The book's author, David Brooks, returned to America after living abroad for some years in the 1990s to find that his suburb had dramatically changed. There was a sprinkling of arty cafés, an artisanal bakery, and a well-stocked alternative bookstore. He also noticed that worn chinos were appearing at board meetings and executives were sporting the wire-framed spectacles once reserved for intellectuals. "America once again has a dominant class that defines the parameters of respectable opinion and taste", he writes.
He dubbed this new elite "bobos" from the first two letters of bourgeois and bohemian. Brooks tampers somewhat with the classical definitions of the two terms, but there is no denying that his portrait hits a nerve with its playful depiction of this new class. According to him, bobos had combined bohemian values and culture with the acquisitiveness and upward striving of the bourgeois of the 1980s. They espoused the anti-materialist and anti-elitist ideologies of the left, while unashamedly striving after success in academia and the corporate world.

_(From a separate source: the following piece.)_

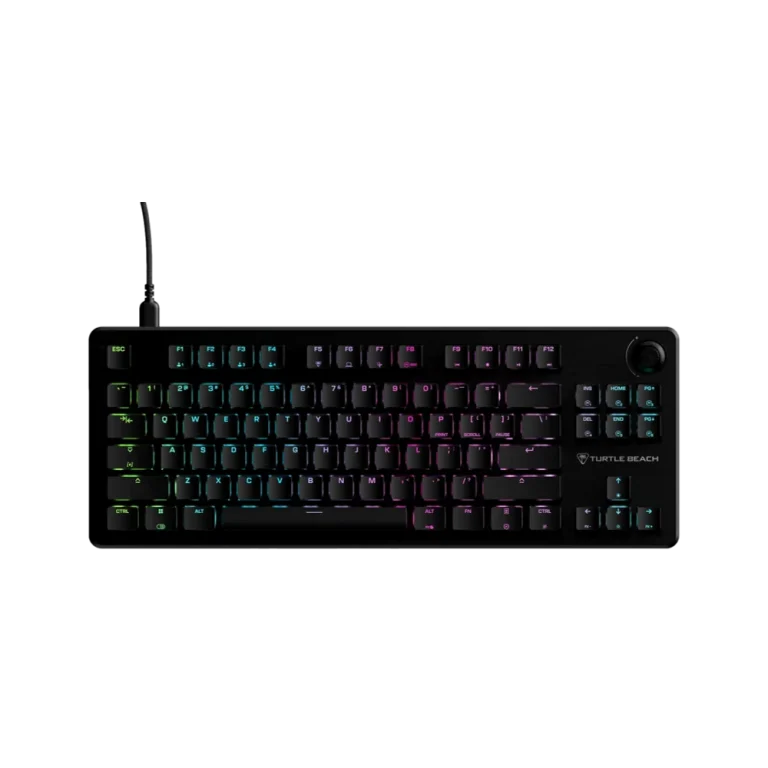 מקלדת גיימינג דגם Vulcan II TKL מבית Turtle Beach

Bobos have reason to be supremely self-satisfied because they exercise absolute power over the thinking of their fellow citizens, he writes. They impose their values not only on their children but on society as a whole. The paradise of the title eludes a concrete definition, but, according to Brooks, Americans act the way they do because they "live under the spell of paradise", a paradise always in the future which will be the "the fulfillment of our [American's] dreams."